Created attachment 12452 [details] test program The attached test program just takes a regex pattern and a string at the command line. $ gcc -o regex regex.c $ ./regex 0+ 0 pattern: 0+ string: 0 regex matched $ ./regex 0++ 0 pattern: 0++ string: 0 regex matched $ ./regex 0++++++++++++++++++++++++++++++++++ 0 pattern: 0++++++++++++++++++++++++++++++++++ string: 0 <hangs consuming all system memory> I'm not even sure what consecutive + operators is supposed to mean, so I don't know why "0++" accepts "0". I tested this against the bionic/NetBSD regex implementation and compilation of "0++" fails with REG_BADRPT, which makes more sense.

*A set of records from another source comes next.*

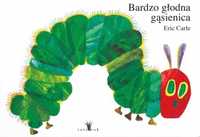 Bardzo Głodna Gąsienica Xl W.2023, Eric Carle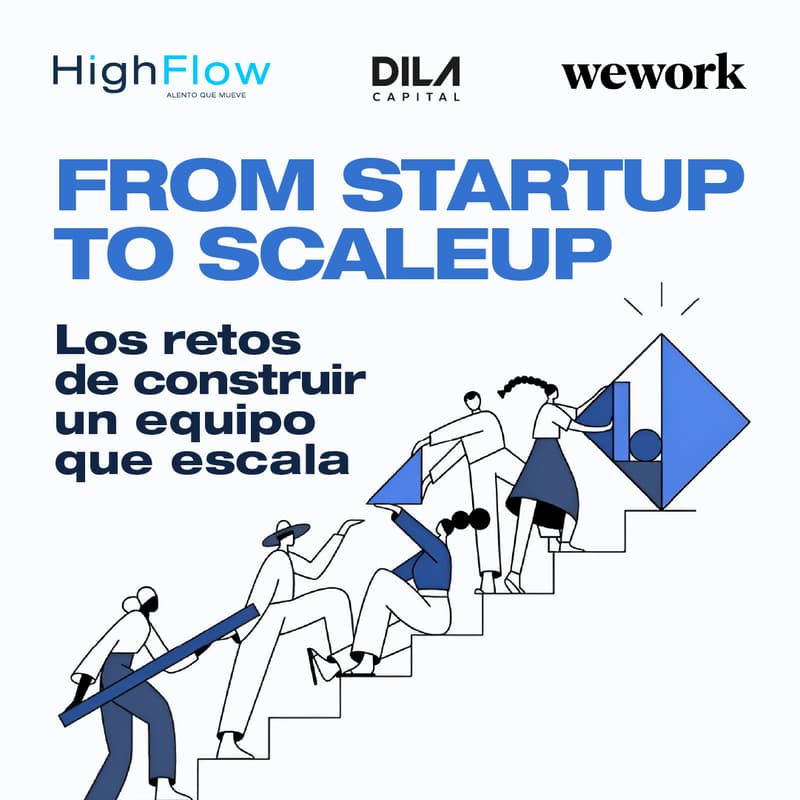 Cover Image for From Startup to Scaleup: Los retos de construir un equipo que escala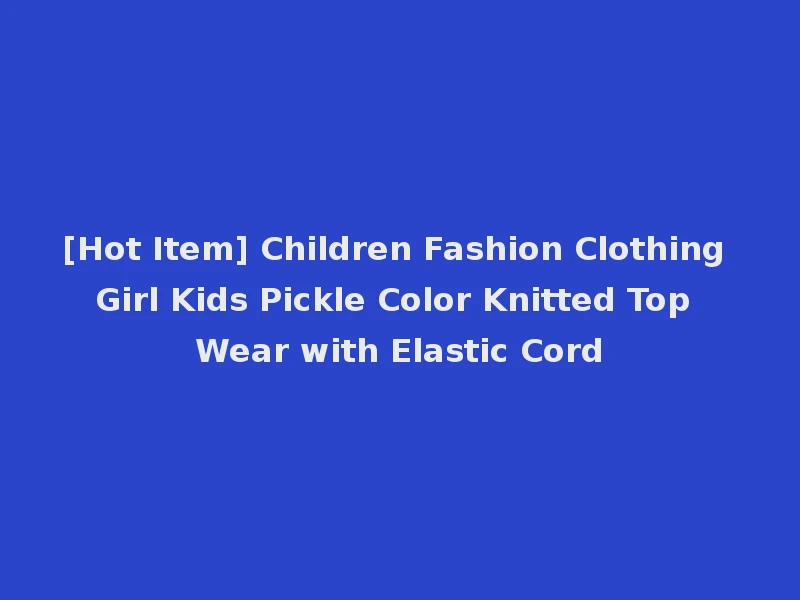 [Hot Item] Children Fashion Clothing Girl Kids Pickle Color Knitted Top Wear with Elastic Cord
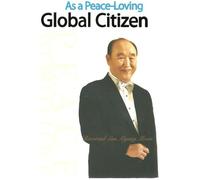 As a Peace-Loving Global Citizen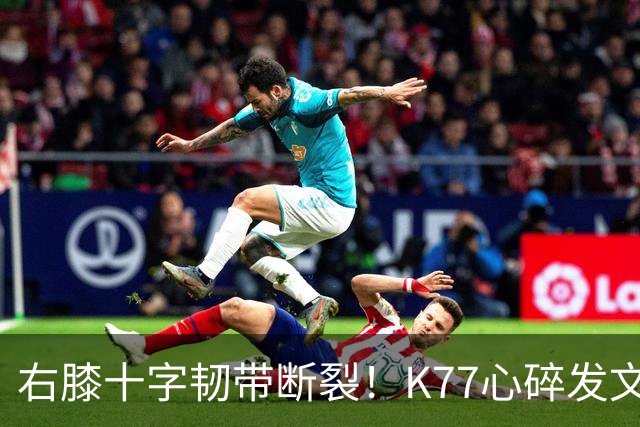 右膝十字韧带断裂！K77心碎发文“为什么是我”，C罗留言：我懂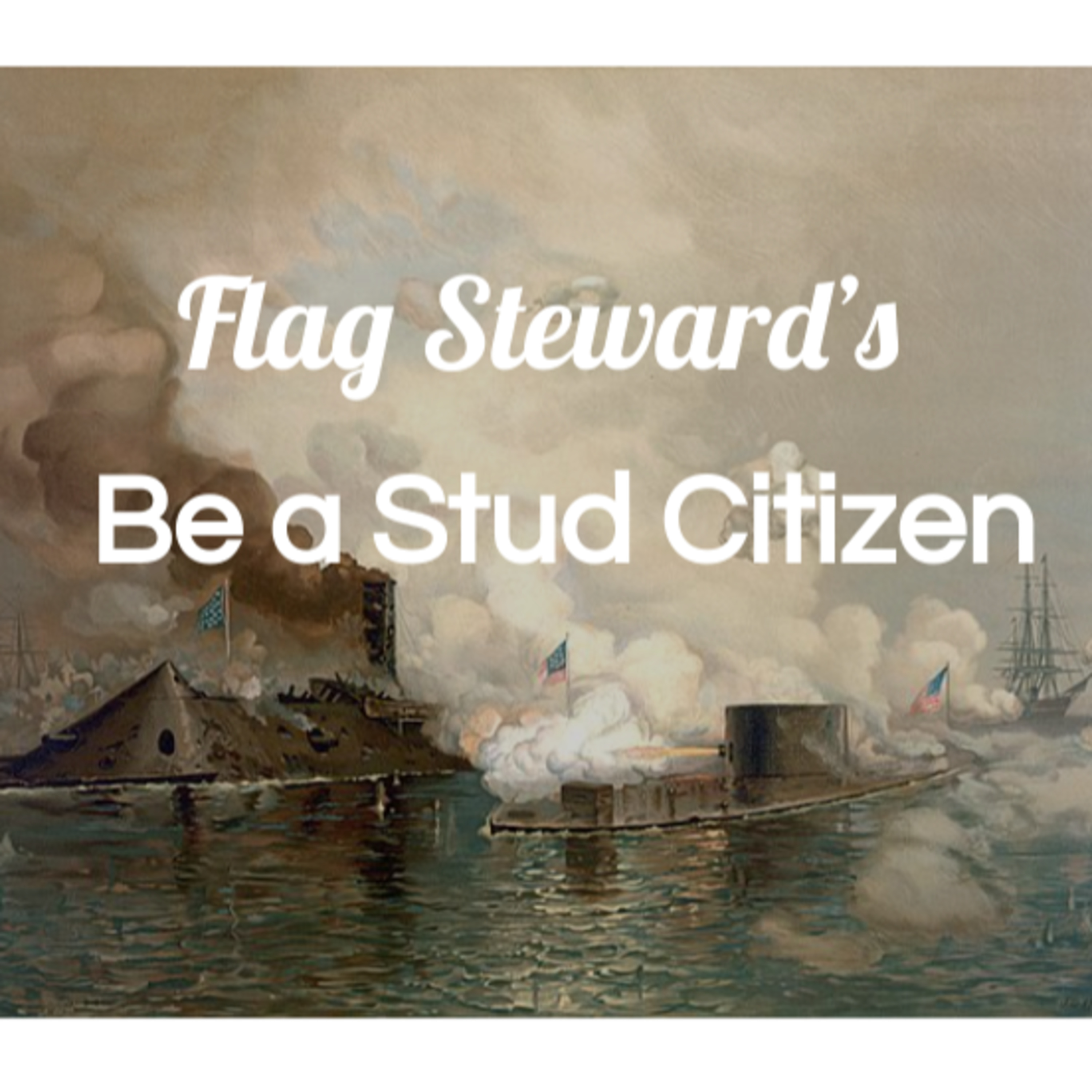 Be a Stud Citizen - Reminders from Our Flag for Mar. 9, 2021 (3/9/21) episode artwork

RE_CONTEXT_INVALID_DUP is only part of RE_SYNTAX_POSIX_BASIC, but not RE_SYNTAX_POSIX_EXTENDED.
POSIX says that multiple adjacent duplication symbols produce undefined results (both BRE and ERE).
Created attachment 12453 [details] Same as regex.c, but BRE syntax
> RE_CONTEXT_INVALID_DUP is only part of RE_SYNTAX_POSIX_BASIC, but not RE_SYNTAX_POSIX_EXTENDED The same behavior is reproducible with basic syntax. See regex-basic.c attached. $ gcc -o regex-basic regex-basic.c $ ./regex-basic 0\\+ 0 pattern: 0\+ string: 0 regex matched $ ./regex-basic 0\\+\\+ 0 pattern: 0\+\+ string: 0 regex matched ./regex-basic 0\\+\\+\\+\\+\\+\\+\\+\\+\\+\\+\\+\\+\\+\\+\\+\\+\\+\\+\\+\\+\\+\\+\\+\\+\\+\\+\\+\\+\\+\\+\\+\\+\\+\\+ 0 pattern: 0\+\+\+\+\+\+\+\+\+\+\+\+\+\+\+\+\+\+\+\+\+\+\+\+\+\+\+\+\+\+\+\+\+\+ string: 0 <hangs consuming all system memory>
> POSIX says that multiple adjacent duplication symbols produce undefined results (both BRE and ERE). Thanks for pointing this out. I was unaware. So do you think this bug should be closed as INVALID or WONTFIX, or is there value in investigating the excessive memory consumption and/or rejecting on compilation like bionic does?
0\+ is not a valid BRE.
Really? The regex.h comments suggest otherwise. #define RE_SYNTAX_POSIX_BASIC \ (_RE_SYNTAX_POSIX_COMMON | RE_BK_PLUS_QM | RE_CONTEXT_INVALID_DUP) /* If this bit is not set, then + and ? are operators, and \+ and \? are literals. If set, then \+ and \? are operators and + and ? are literals. */ # define RE_BK_PLUS_QM (RE_BACKSLASH_ESCAPE_IN_LISTS << 1)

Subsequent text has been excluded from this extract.